PCB Defect Detection

Automated PCB defect detection using YOLOv8. Train models, run evaluations, deploy to production — everything you need for computer vision in manufacturing.

Built for a university ML project, but it actually works. Runs on NVIDIA/AMD GPUs, Apple Silicon, and CPU-only systems.

Why this exists

Most PCB detection tutorials stop at "congrats, you trained a model!" This project goes further:

Cross-platform - Works on whatever hardware you have (tested on NVIDIA, Apple M1, CPU)
Actually deploys - REST API, Docker containers, performance monitoring
Production features - ONNX optimization, INT8 quantization, robustness testing
Research-friendly - Cross-validation, hyperparameter tuning, statistical analysis
Honest logging - Everything auto-logs to logs/ so you can write reports

I needed something that would work for both my coursework AND potentially in real manufacturing.
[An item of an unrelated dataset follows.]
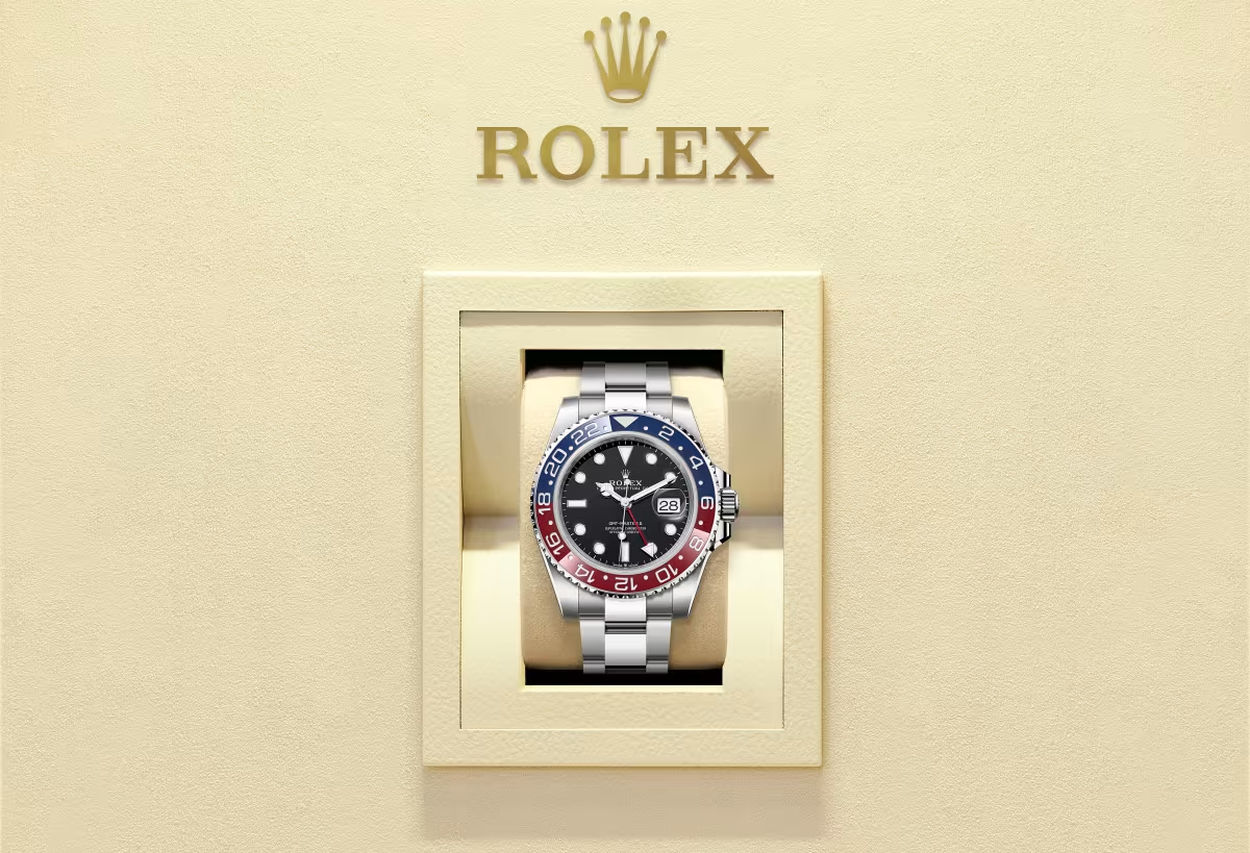Rolex GMT-MAster II "Pepsi" : vers la fin d'une icône contemporaine ?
So here we are.

Quick Start

Fastest path (5 minutes):

# 1. Install
pip install -e ".[dev]"

# 2. Generate a tiny test dataset
python samples/generate_sample_dataset.py

# 3. Train (takes ~2 minutes on GPU, ~10 on CPU)
export PCB_CONFIG=$(pwd)/samples/sample_config.yaml
pcb-dd train-baseline --epochs 10

# 4. See results
ls logs/

Full workflow (30-45 minutes):

# Runs everything: download dataset, train, evaluate, generate reports
python start.py

Just want to test the API?

# Use a pretrained model or train one first
pcb-dd train-baseline
pcb-dd api

# In another terminal
curl -X POST "http://localhost:8000/detect" \
  -F "file=@path/to/pcb_image.jpg"

What's in the box

Core features (tested, reliable)

Training - YOLOv8n baseline (fast) or YOLOv8s production (accurate)
Evaluation - Confusion matrices, per-class metrics, auto-generated reports
Deployment - FastAPI server, ONNX export, Docker containers
Multi-platform - Auto-detects your hardware (CUDA, ROCm, MPS, CPU)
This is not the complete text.